## MATERIAL SHOWN
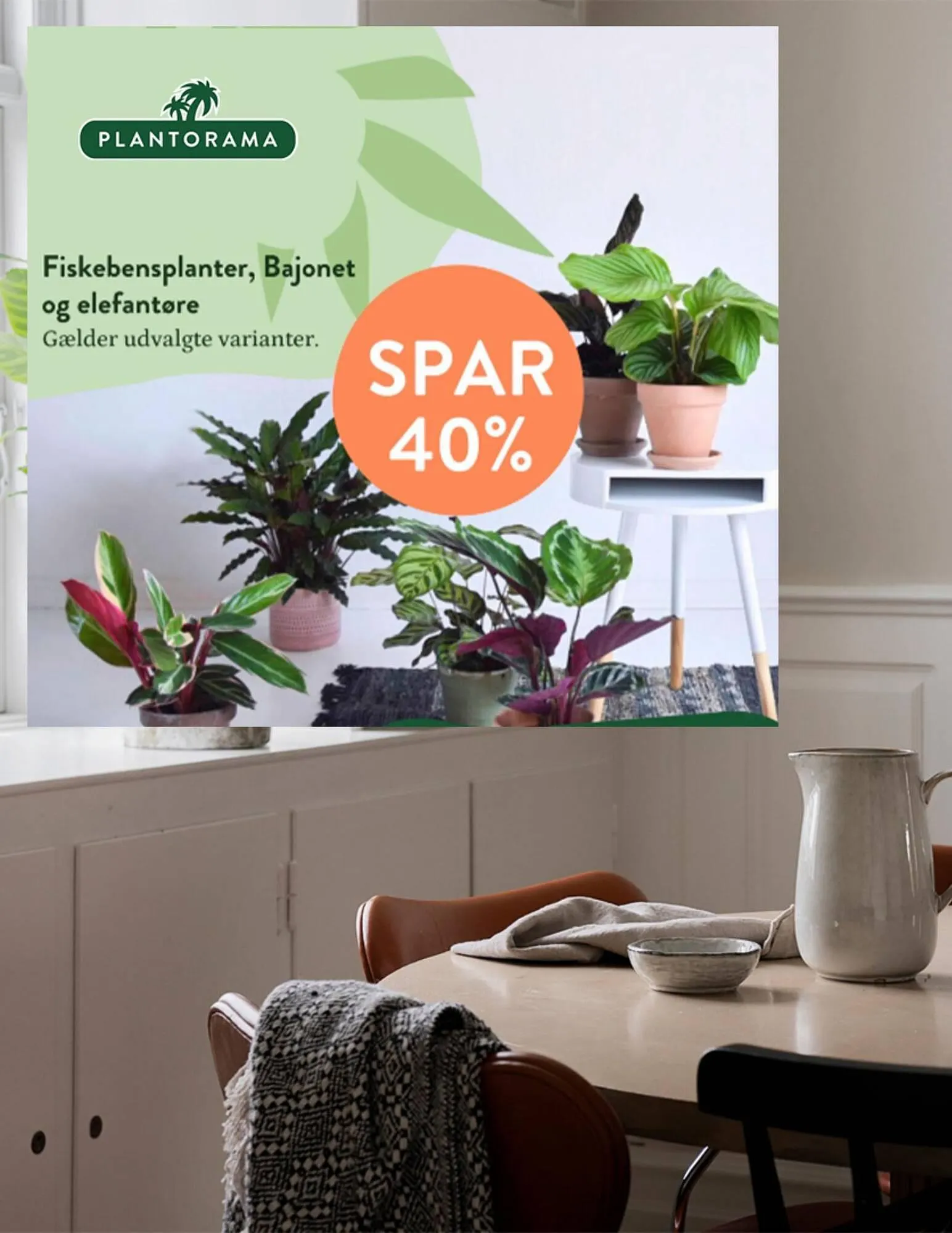 Plantorama tilbudsavis Gyldig indtil 28. august - 11. september 2023 - tilbudsavis side 1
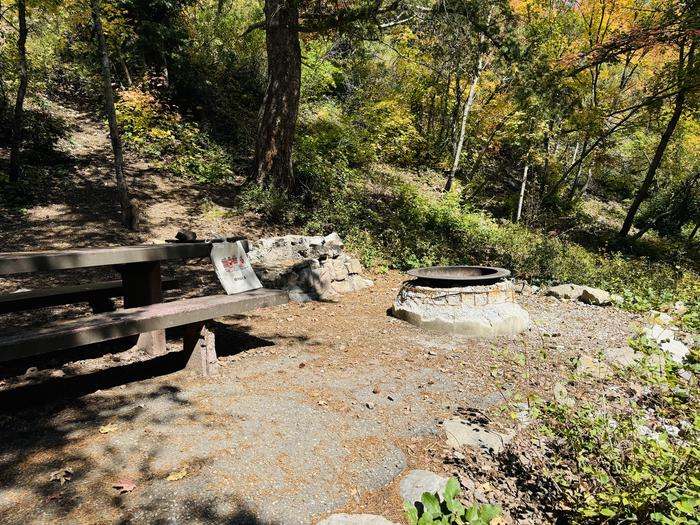 Picnic Table and Fire Ring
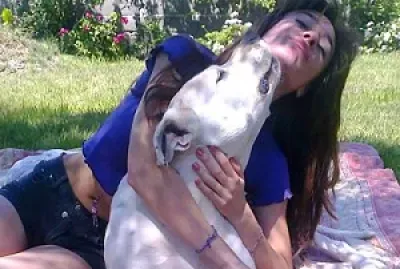 Dogo argentino jigsaw puzzle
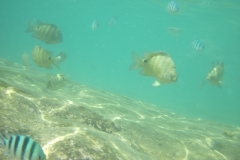 charm-churee-ko-tao-schnorcheln107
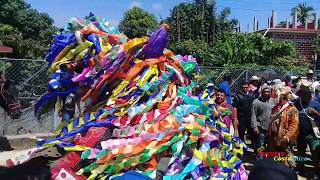 EL CABILDO 2019 I DANZA DEL TORO DE PETATE I FIESTA DE LA HERMITA [upl. by Yerfdog]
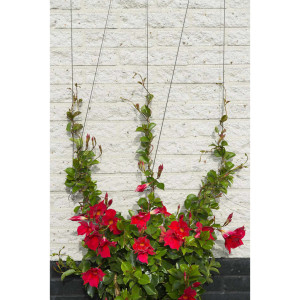 Nature Set Cabluri Spalier Pentru Plante Cățărătoare, 6040760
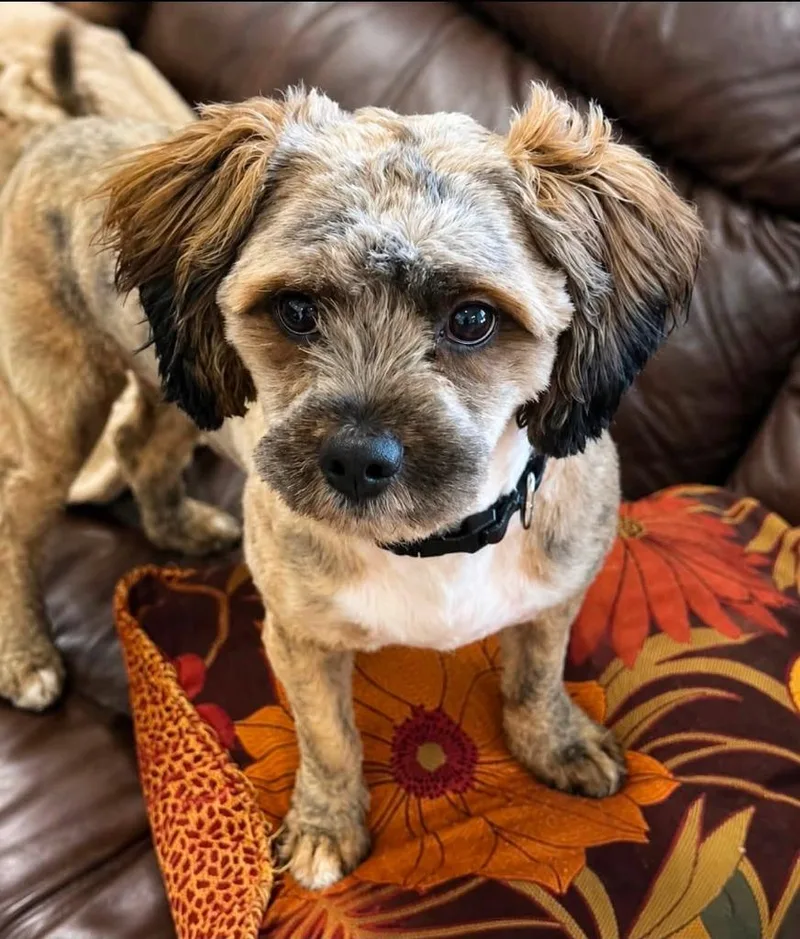 A baby medium-sized male Mixed Breed dog named Harry for adoption in Palm City, FL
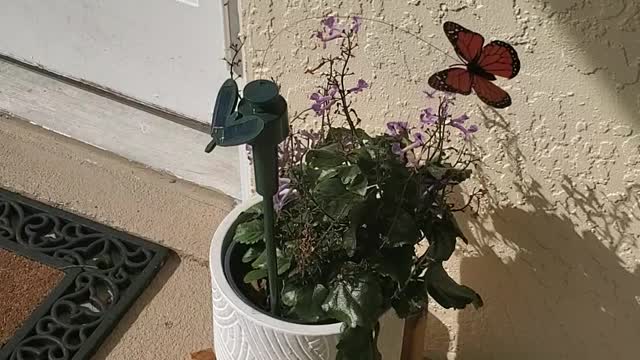 Solar Powered Butterfly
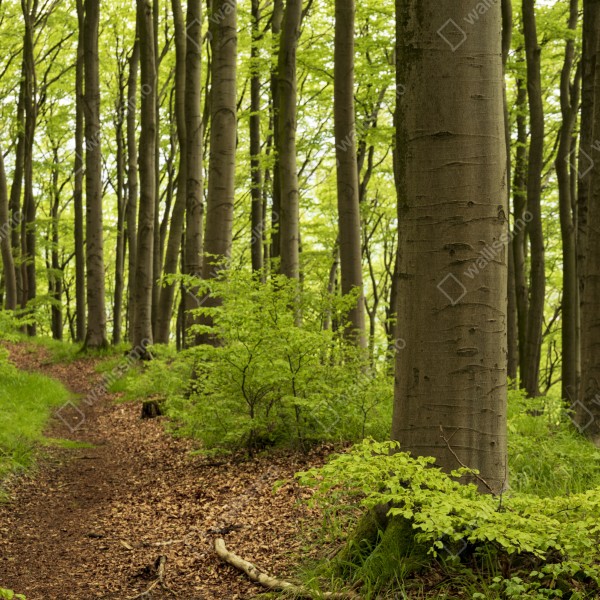 Tischaufkleber und Schreibtischaufkleber ruhiger grüner waldweg – Wallnifity® Tischaufkleber und Schreibtischaufkleber ruhiger grüner waldweg – Wallnifity®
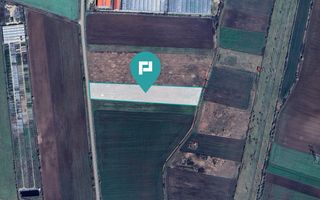 Teren arabil intravilan 10.333mp - Livada - Poză 2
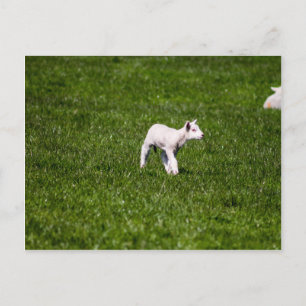 Young Lamb Postkarte
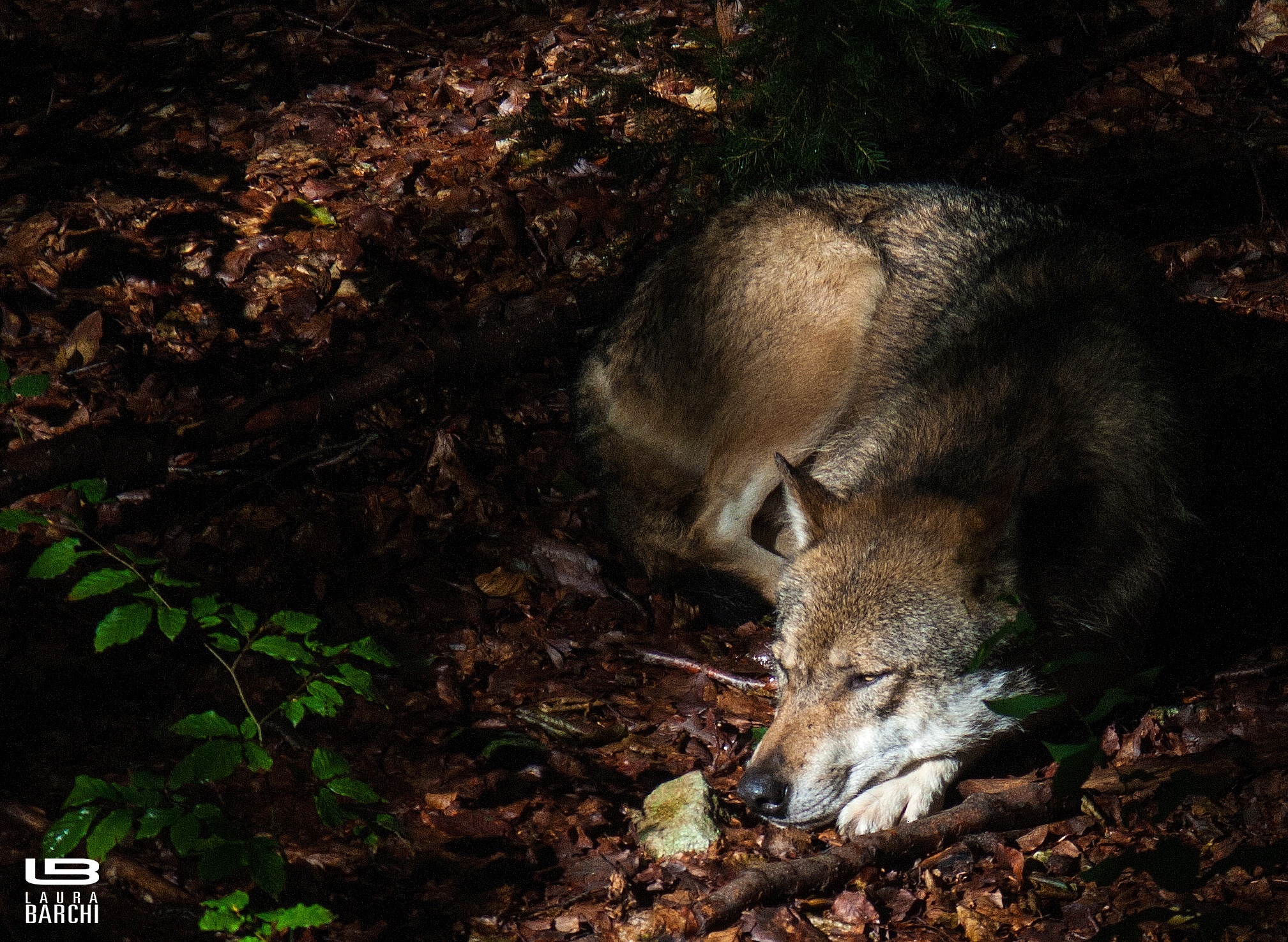 Lupo in un raggio di luce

## WHAT YOU ARE ASKED TO DO
Nothing but the lines from the one containing "Teren arabil intravilan" through the last line of the material may appear in the answer, transcribed exactly and with no pictures.

## RESPONSE TO THIS EXERCISE
 Teren arabil intravilan 10.333mp - Livada - Poză 2
 Young Lamb Postkarte
 Lupo in un raggio di luce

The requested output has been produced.